Thirty years ago, I was in the United States Navy. I was in a corner of the Navy known as the Naval Security Group. I will not explain it any further than to say that we did stuff that required me to have a high level clearance. I held a top secret security clearance for almost the entire time (just shy of ten years) I was in the Navy, excepting only that time on the front end while the required background investigation was still being completed.
When I was first granted the clearance, I was made to read and sign several documents that outlined my responsibilities in reference to the information I would be made privy to and, what punishments could/would be visited upon me should I violate the agreements by disseminating the information to unauthorized individuals.

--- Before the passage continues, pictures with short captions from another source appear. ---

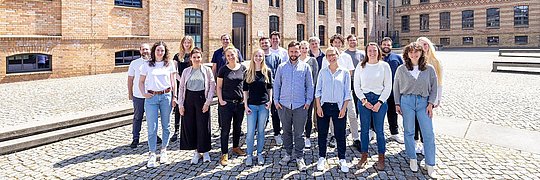Eine Gruppe von Menschen steht vor einem Gebäude.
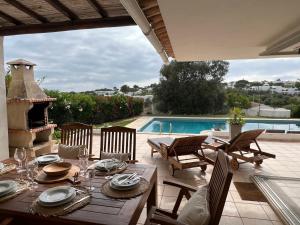 a dining table and chairs on a patio with a pool at Vila Rosa - Private Swimming Pool With Sea View in Albufeira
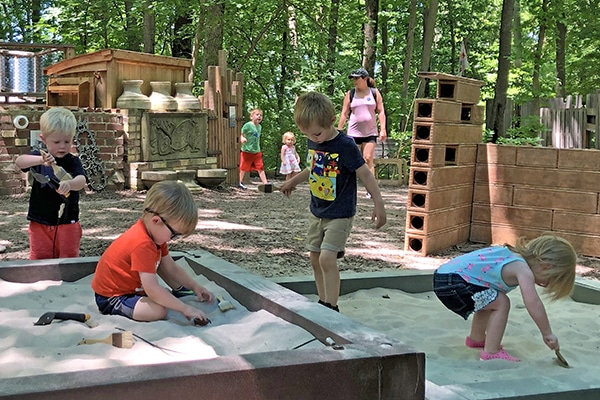 children in the sand at treetop outpost
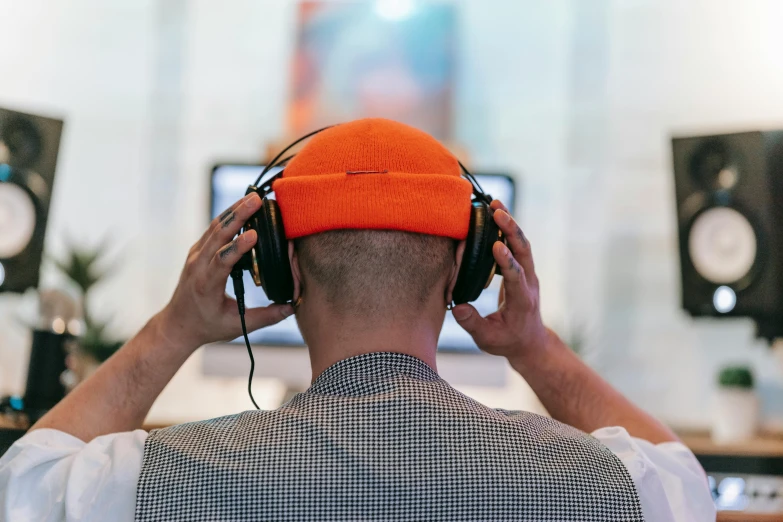 a man wearing headphones and an orange knit cap is listening to music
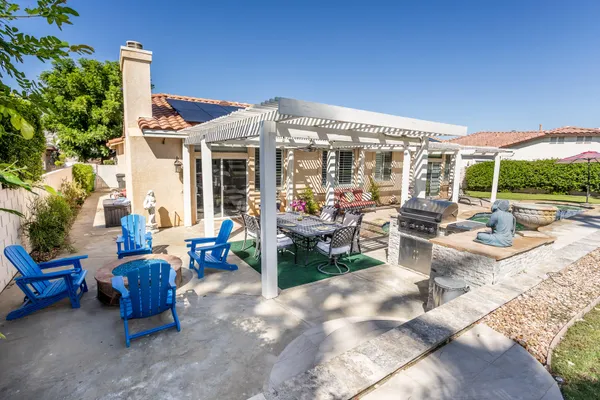 a view of a patio with couches table and chairs and potted plants
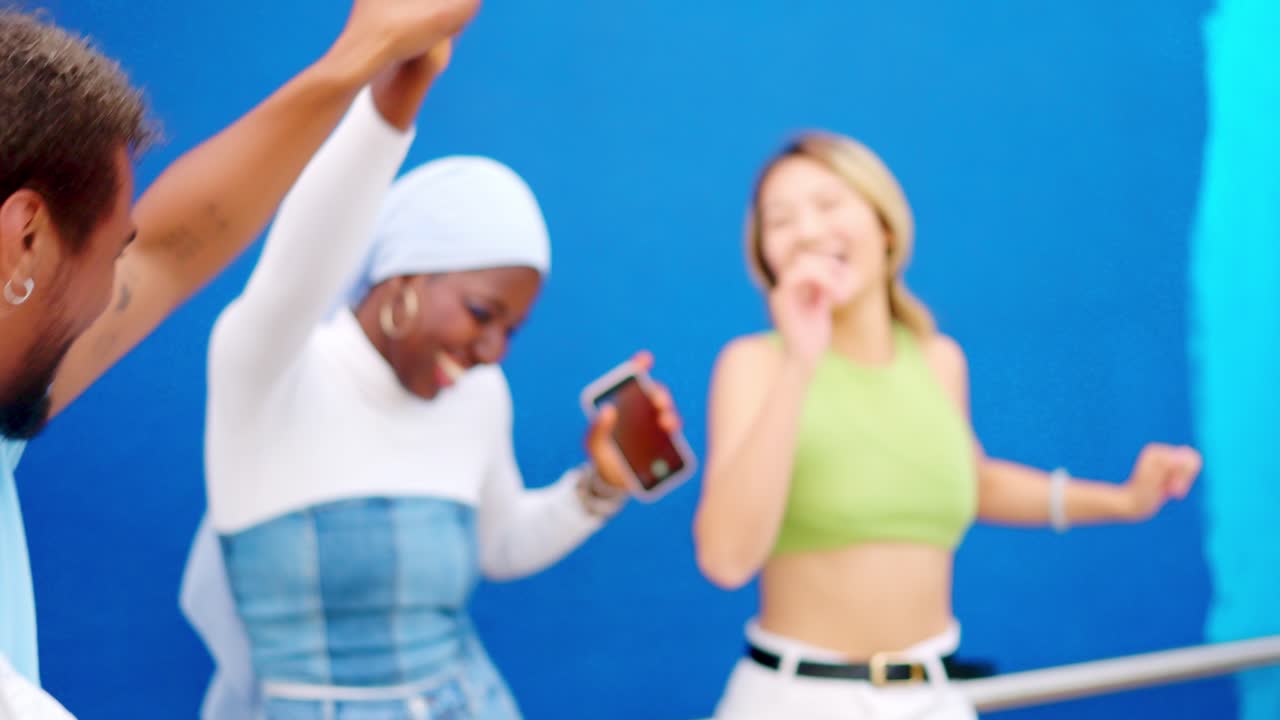 Latin man asking to dance to an african friends outdoors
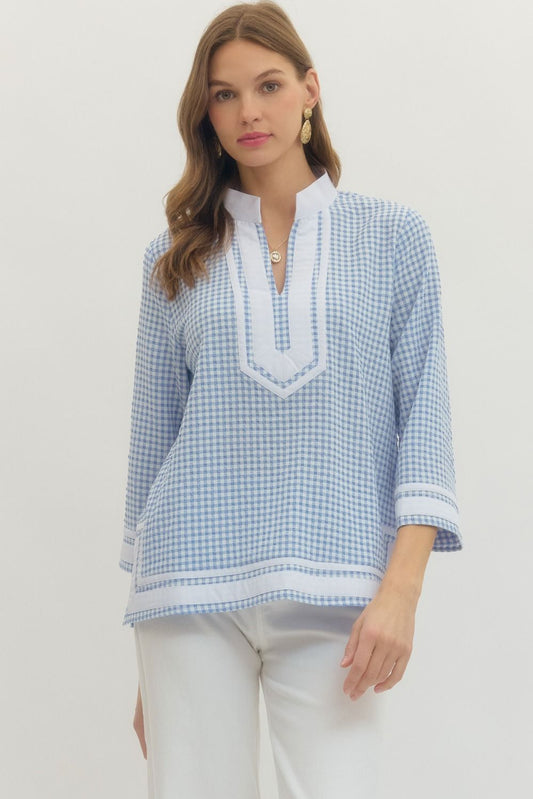 Woman wearing a blue and white checkered blouse with a plain background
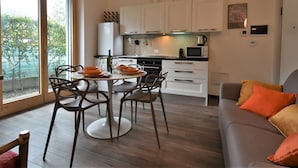 Een moderne keuken met witte kasten, een eettafel met stoelen en een uitzicht door grote ramen.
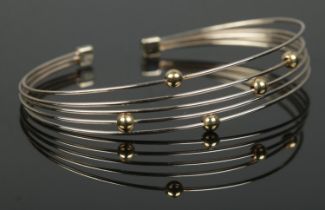 A 9ct white and yellow gold five band bangle. 7.58g.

The hard and fast rule in the intelligence community is “Need To Know“. What that means is that the mere fact that I had a top secret clearance did not mean that I could look at anything classified top secret or below. What it meant was that I was allowed access to such information as was necessary to do my job, ONLY. Essentially, if I had a friend who worked on a different project who also had a top secret clearance and, if I shared information from my project with him, I could have been and likely, would have been prosecuted to the fullest extent of the law. Just having the same or greater level clearance was/is not enough. To get access to information on a given classified project, the individual must have a valid "Need to Know" in addition to having the necessary clearance. So an unauthorized individual would be someone who did not have the necessary clearance and/or someone who did not have an officially established necessity for the information.
It is also important to note that simply confirming the veracity of a piece of classified information to an unauthorized individual was considered to be essentially the same as disseminating the information. So not being the first source on a bit of information is no defense if you could be considered a confirming source.
All of this was made clear to me as an 18 year old fresh from having been nowhere and done nothing. Fresh from East Knoxville and West High School, they made me understand my responsibilities with the information I was being allowed access to in a very real and tangible way.
Why am I telling you this? You needed the background to understand my coming allegation. Karl Rove knew exactly what he was doing. Not only that but, Karl Rove knew exactly what could happen to him for doing what he did. I know he knew because a too-young-to-shave, hick kid from East Knoxville was made to know 30+ years ago. You do not get official access to highly classified information without going through some version of what I went through.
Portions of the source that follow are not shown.